With increasing opioid-related hospitalizations in the US, how often is opioid agonist therapy (OAT) initiated or used for withdrawal management during admission? This retrospective cohort study examined the frequency of OAT receipt among 12,407 patients with opioid use disorder (OUD) during hospitalization in 109 Veterans Health Administration hospitals in 2017. Multi-level regression was used to determine patient and hospital-level characteristics associated with receiving OAT.
- Patients with OUD received OAT in only 15% of admissions.

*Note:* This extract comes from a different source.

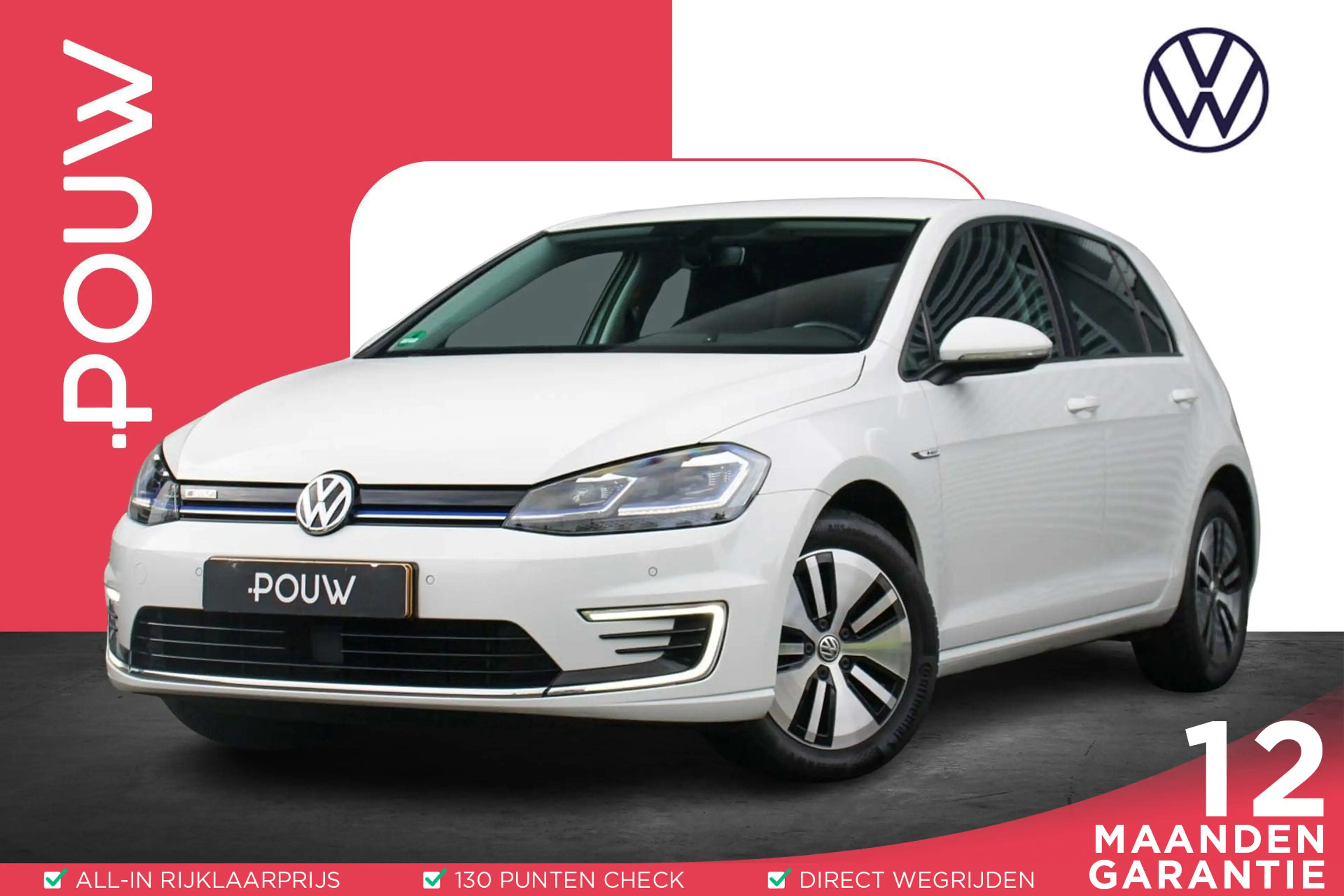 Volkswagen e-Golf 136pk E-DITION 2020 | Keyless | Navigatie | Camera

- Hospitals varied widely in delivery of OAT, ranging from 0 to 43% of qualified admissions; large and medium-sized hospitals were more likely to provide OAT than small hospitals.
- Nearly 90% of patients were not receiving OAT at the time of admission; of these, only 2% initiated OAT and were linked to care following hospitalization.
- Patient-level characteristics associated with OAT receipt included: male gender, admission diagnosis related to OUD or OUD-related infection, OAT receipt prior to admission, and absence of a co-occurring substance use disorder diagnosis.
Comments: Hospitalization is a missed opportunity to initiate OAT among patients who are not receiving OUD treatment at the time of admission. Failure to continue previously prescribed OAT or manage withdrawal symptoms with OAT could also cause harm—for example, if patients leave the hospital against medical advice. Increasing appropriate OAT prescribing should be a goal for all health care systems, which may necessitate specific guidelines, provider education, and efforts to reduce stigma.
Aaron D. Fox, MD
Reference: Priest KC, Lovejoy TI, Englander H, et al. Opioid agonist therapy during hospitalization within the Veterans Health Administration: a pragmatic retrospective cohort analysis. J Gen Intern Med. 2020 [Epub ahead of print]. doi: 10.1007/s11606-020-05815-0.